• [What needs to be done]:
Records follow. Print exactly the lines from the one that has "27 Silver Poplar" through the one that has "Small Image of", inclusive, and omit the pictures.

• [Data records]:
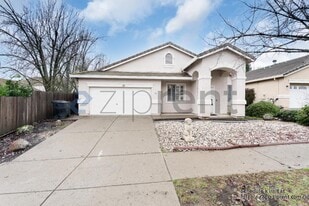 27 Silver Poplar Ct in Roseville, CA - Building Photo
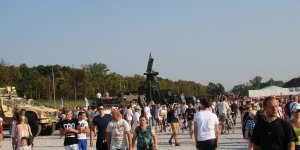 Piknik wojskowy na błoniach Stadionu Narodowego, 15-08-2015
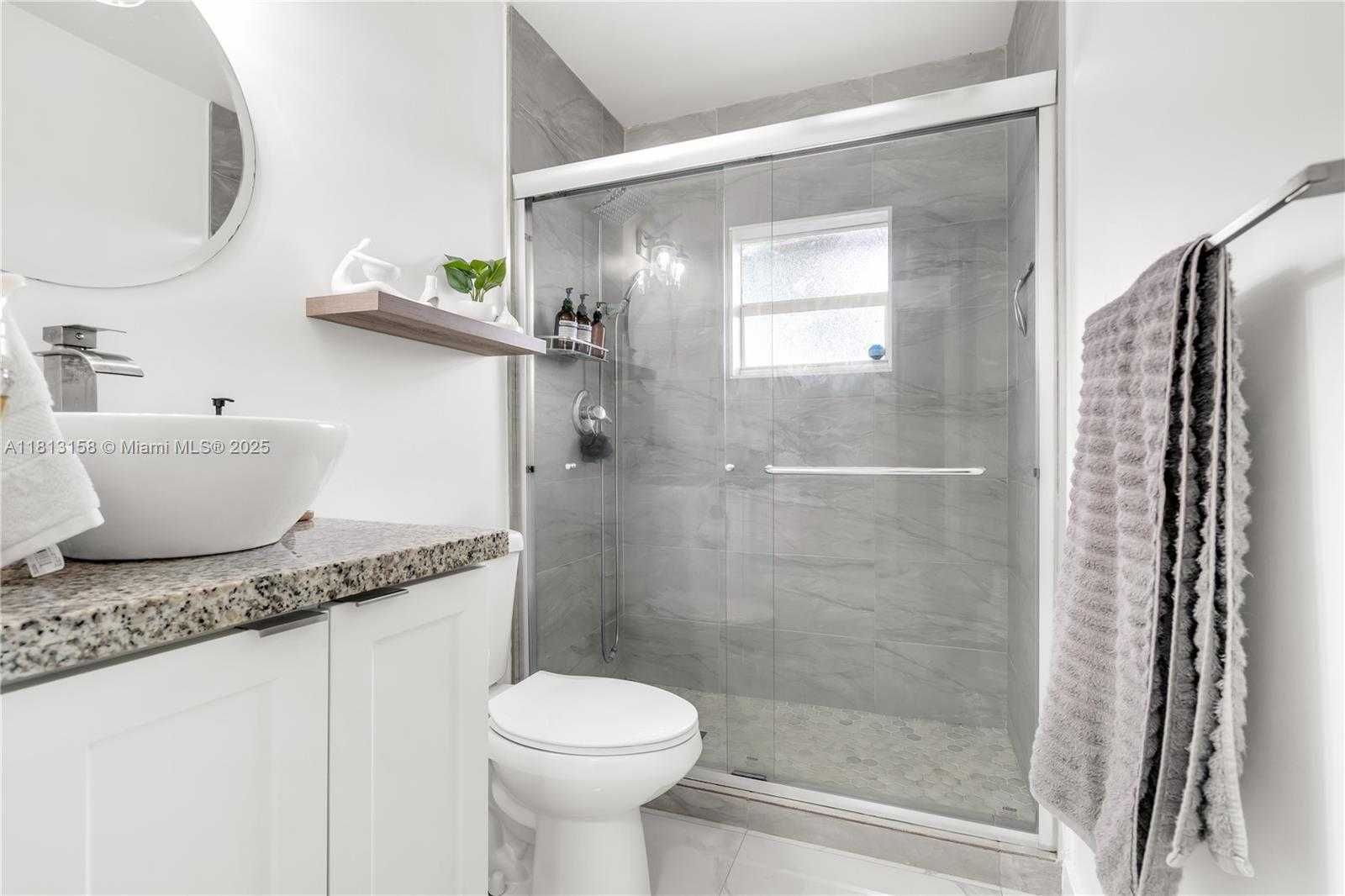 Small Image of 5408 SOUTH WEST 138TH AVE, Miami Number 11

--

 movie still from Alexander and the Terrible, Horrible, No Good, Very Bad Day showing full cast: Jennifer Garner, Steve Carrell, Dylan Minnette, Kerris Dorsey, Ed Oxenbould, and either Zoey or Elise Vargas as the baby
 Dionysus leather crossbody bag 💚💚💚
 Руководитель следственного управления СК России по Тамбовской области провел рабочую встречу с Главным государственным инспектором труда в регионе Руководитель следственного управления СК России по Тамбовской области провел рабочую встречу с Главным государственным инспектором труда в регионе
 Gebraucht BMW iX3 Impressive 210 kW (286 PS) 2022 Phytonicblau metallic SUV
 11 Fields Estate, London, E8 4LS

--

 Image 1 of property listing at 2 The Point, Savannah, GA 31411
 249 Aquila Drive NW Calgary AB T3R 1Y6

• [Response area]:
 27 Silver Poplar Ct in Roseville, CA - Building Photo
 Piknik wojskowy na błoniach Stadionu Narodowego, 15-08-2015
 Small Image of 5408 SOUTH WEST 138TH AVE, Miami Number 11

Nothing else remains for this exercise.